WHAT IS BEING ASKED
In the records below, find the line with "-烤匠麻辣烤鱼(万象城店)" and repeat it and every line after it, exactly, without any pictures.

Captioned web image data

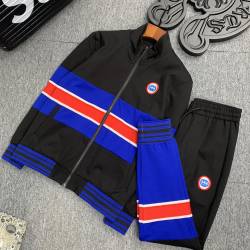  Tracksuits for Men's long tracksuits #999930628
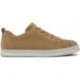 CAMPER K100226 RUNNER QUATTRO SCARPE SPORTIVE BEIGE_153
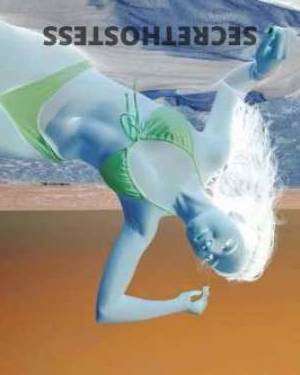 Amanda 22Yrs Old Escort Size 8 47KG 162CM Tall Melbourne Image - 1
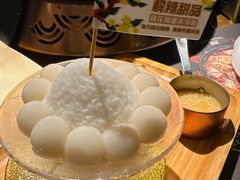 -烤匠麻辣烤鱼(万象城店)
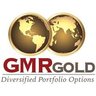 GMRgold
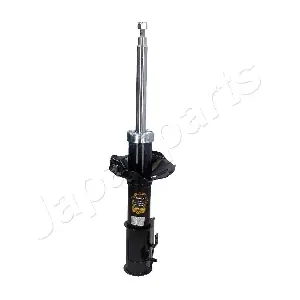 JAPANPARTS MM60009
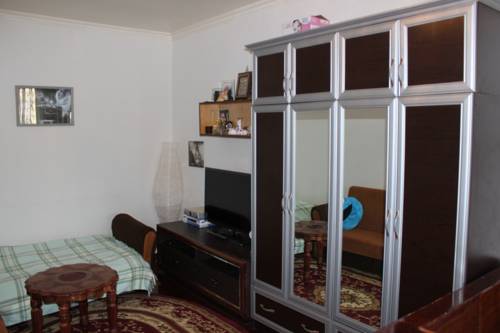Baku Azerbaijan discount booking.com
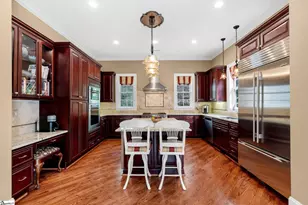 115 Blazing Star Trail, Landrum, SC 29356 - Photo 12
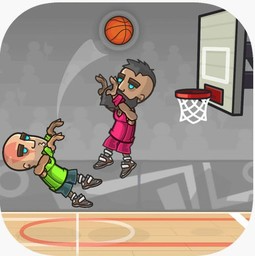 ����֮ս����ȫ�����ƽ��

OUTPUT
 -烤匠麻辣烤鱼(万象城店)
 GMRgold
 JAPANPARTS MM60009
Baku Azerbaijan discount booking.com
 115 Blazing Star Trail, Landrum, SC 29356 - Photo 12
 ����֮ս����ȫ�����ƽ��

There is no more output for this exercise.